Martonyi: „Wir müssen uns auf alles vorbereiten“
Auf die Frage eines Journalisten nach den möglichen wirtschaftlichen Konsequenzen, die weitere Maßnahmen gegen Russland für Ungarn haben könnte, antwortete Martonyi nur knapp. Er verwies auf seine bisher in diesem Zusammenhang getätigten Aussagen und sagte, man könne keine genauen Zahlen nennen, da man die detaillierten Folgen unmöglich absehen könne. „Wir müssen uns auf alles vorbereiten“, stellte Martonyi klar, „und so eine Situation so gut es geht vermeiden. Die Visegrád-Staaten seien verletzlich, so Martonyi weiter, und Sanktionen gegenüber Russland würden die V4 am stärksten treffe. Da man den Konsequenzen von eventuellen wirtschaftlichen Sanktionen am offensten ausgesetzt sei, würden die Visegrád-Länder auf die Solidarität der EU-Mitgliedsstaaten zählen.
Eines, so Steinmeier, müsse jedoch hervorgehoben werden: Die Perspektive auf der Krim sei das eine, der Kern der Sache sei aber die Unterstützung für die Ukraine selbst. Auch sein Amtskollege Martonyi betonte die Wichtigkeit der Frage, wie man der Ukraine gegenüber seine Hilfe verstärken könne, sei es bezüglich Handel, dem angestrebten Assoziierungsabkommen der Übergangsregierung mit der EU, weiteren Finanzpaketen oder der Energiefrage.

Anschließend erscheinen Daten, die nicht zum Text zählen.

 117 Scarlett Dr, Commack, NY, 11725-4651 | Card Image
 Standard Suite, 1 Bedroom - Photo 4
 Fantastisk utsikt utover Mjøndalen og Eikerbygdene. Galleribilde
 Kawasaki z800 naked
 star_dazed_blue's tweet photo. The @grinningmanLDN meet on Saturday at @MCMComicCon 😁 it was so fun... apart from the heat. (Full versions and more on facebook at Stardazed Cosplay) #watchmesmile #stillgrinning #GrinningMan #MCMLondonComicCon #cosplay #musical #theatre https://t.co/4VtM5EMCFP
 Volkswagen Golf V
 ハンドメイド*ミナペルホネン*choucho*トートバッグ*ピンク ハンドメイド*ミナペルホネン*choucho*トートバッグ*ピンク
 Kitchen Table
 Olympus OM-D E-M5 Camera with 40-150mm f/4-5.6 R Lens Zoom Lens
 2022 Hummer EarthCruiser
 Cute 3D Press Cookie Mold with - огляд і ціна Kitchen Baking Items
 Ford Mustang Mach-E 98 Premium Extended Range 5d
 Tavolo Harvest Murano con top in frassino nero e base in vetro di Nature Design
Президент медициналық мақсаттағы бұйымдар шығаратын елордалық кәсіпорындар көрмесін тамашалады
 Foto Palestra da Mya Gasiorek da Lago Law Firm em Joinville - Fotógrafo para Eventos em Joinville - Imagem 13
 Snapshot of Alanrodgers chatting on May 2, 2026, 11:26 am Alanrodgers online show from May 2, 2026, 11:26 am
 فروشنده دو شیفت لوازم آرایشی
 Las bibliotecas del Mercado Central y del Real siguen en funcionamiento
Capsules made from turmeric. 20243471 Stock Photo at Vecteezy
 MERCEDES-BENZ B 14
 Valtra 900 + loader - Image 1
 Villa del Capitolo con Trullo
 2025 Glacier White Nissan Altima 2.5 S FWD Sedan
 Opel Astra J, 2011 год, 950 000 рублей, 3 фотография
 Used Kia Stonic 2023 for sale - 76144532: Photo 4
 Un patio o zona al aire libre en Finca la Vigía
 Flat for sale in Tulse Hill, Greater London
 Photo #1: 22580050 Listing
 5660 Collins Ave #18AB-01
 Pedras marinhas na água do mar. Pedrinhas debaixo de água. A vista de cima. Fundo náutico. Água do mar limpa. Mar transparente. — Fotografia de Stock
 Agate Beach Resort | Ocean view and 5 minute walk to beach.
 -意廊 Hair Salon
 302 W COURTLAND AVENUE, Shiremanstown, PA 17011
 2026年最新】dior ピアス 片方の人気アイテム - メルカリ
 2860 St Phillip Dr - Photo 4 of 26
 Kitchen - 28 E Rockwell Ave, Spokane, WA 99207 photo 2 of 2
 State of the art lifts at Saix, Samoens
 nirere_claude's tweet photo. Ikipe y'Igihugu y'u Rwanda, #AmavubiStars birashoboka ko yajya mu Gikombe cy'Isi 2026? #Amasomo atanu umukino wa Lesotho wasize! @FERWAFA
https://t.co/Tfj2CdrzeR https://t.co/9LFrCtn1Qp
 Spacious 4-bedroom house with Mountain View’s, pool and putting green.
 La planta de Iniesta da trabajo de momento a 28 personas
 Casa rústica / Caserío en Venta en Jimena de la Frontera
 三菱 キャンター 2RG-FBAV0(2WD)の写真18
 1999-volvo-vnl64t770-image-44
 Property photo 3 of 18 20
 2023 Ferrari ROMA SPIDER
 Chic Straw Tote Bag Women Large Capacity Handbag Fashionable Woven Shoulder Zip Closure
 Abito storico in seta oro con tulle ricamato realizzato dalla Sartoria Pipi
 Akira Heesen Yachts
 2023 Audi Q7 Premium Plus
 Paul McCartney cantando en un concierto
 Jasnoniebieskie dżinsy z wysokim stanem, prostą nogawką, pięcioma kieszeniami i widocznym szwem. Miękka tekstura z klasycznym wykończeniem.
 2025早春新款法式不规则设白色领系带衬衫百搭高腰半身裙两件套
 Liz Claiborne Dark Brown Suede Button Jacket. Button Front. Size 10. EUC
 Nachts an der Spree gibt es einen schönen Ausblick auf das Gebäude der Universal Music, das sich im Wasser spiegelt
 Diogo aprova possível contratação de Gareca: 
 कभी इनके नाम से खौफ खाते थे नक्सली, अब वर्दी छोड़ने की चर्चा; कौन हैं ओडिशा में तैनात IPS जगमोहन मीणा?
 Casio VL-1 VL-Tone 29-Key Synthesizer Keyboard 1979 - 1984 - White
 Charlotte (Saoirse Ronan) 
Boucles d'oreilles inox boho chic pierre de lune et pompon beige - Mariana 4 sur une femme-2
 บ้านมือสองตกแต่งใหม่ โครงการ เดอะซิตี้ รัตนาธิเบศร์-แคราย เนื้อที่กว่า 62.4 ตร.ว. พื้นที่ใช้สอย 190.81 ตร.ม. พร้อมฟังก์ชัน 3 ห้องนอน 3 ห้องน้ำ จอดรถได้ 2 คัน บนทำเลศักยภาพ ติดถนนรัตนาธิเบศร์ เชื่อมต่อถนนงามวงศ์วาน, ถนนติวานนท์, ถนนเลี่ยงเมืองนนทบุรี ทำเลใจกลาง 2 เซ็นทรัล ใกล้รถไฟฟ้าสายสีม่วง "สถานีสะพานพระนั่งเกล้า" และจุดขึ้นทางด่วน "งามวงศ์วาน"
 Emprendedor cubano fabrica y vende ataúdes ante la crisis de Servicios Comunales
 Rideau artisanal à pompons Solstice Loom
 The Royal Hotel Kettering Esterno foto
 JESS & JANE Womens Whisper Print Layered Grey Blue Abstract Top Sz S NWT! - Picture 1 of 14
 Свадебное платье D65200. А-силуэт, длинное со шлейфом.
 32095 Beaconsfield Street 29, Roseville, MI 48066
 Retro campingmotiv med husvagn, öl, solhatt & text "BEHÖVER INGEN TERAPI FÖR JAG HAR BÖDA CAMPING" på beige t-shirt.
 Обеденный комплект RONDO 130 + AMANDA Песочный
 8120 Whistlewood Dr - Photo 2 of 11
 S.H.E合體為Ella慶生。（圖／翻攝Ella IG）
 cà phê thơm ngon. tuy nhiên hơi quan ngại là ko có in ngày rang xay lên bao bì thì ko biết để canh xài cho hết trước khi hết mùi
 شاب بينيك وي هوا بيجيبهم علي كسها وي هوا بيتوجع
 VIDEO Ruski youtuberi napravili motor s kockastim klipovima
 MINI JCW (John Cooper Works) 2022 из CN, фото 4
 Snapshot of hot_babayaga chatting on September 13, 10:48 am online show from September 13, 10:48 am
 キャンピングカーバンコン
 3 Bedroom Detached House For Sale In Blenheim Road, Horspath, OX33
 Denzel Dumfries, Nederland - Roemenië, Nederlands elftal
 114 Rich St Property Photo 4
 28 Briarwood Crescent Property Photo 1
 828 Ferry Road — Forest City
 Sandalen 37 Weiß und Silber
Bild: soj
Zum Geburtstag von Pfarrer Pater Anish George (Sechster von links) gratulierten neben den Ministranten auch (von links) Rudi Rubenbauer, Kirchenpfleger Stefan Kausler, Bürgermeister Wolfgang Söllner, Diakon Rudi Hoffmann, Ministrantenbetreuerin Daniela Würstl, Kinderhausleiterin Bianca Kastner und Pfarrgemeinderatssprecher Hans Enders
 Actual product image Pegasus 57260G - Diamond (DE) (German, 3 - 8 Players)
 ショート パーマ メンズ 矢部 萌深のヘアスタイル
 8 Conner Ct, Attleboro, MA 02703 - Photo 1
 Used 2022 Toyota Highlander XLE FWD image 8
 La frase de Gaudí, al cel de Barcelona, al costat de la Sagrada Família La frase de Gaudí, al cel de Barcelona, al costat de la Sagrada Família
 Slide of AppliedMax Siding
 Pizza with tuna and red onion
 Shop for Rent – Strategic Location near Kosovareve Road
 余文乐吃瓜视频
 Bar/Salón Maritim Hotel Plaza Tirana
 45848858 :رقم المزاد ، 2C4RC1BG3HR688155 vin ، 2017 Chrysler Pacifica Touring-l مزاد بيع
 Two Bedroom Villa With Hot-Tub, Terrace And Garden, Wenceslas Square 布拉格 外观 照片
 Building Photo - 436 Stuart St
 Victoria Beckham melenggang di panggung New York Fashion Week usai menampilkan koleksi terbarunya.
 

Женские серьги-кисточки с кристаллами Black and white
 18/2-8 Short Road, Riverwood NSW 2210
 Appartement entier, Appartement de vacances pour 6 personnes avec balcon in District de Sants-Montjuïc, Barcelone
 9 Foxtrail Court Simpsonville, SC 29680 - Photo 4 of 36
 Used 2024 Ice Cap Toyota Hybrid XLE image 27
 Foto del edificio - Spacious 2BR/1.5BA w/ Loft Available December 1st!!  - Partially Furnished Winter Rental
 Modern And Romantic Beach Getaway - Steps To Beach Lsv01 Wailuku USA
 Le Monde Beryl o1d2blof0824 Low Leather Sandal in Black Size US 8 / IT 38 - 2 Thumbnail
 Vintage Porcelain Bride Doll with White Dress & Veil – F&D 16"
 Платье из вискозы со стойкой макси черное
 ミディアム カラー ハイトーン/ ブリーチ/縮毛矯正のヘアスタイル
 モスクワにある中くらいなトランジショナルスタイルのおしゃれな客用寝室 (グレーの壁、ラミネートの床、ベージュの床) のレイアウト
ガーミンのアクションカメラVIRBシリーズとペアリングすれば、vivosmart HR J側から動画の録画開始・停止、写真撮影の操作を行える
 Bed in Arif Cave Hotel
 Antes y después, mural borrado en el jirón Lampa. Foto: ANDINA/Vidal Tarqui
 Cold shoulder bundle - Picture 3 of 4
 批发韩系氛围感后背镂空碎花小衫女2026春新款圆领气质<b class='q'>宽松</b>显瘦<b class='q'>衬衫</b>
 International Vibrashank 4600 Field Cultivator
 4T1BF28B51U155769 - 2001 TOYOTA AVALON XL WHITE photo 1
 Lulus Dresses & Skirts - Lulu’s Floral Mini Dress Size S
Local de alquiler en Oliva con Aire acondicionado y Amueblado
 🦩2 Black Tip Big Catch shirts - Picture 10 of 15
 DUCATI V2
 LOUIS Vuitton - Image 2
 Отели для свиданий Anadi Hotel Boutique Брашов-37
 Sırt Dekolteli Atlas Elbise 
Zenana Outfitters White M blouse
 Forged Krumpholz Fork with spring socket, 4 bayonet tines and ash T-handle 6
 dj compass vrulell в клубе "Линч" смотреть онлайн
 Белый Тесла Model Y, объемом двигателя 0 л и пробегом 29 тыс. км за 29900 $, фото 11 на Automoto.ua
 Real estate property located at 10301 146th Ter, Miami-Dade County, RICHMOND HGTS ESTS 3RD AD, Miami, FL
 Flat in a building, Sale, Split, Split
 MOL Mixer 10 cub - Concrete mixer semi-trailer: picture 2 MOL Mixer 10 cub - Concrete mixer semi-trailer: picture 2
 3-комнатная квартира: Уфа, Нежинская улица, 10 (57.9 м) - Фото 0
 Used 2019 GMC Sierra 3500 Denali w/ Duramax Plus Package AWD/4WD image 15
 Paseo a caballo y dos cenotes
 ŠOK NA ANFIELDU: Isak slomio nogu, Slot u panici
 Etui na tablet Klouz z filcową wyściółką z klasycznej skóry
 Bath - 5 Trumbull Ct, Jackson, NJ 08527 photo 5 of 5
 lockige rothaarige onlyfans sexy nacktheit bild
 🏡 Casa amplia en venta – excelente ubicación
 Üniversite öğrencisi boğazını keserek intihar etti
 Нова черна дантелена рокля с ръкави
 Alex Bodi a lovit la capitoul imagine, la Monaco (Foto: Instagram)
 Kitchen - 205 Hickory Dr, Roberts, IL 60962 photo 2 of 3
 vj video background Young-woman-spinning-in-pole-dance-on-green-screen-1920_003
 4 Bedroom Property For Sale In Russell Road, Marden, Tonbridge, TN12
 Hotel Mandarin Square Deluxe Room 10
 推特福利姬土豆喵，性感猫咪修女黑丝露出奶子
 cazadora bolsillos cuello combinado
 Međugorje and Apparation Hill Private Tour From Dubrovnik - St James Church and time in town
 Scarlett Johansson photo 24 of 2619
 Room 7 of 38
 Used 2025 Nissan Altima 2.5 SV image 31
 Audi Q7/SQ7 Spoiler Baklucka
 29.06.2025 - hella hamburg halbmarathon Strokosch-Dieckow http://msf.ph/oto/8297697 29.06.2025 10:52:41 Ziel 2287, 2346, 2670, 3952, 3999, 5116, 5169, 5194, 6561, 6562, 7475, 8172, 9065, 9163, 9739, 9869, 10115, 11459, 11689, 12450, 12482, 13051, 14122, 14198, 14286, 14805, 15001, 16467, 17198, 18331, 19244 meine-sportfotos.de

Nebenden Außenministern von Deutschland und Ungarn, Frank-Walter Steinmeier und János Martonyi, nahmen auch die Außenminister der weiteren Visegrád-Staaten, der slowakische Außenminister Miroslav Lajčák, tschechischer Außenminister Lubomír Zaorálek und Artur Nowak-Far, polnischer Staatssekretär im Ministerium für auswärtige Angelegenheiten, an der Pressekonferenz teil.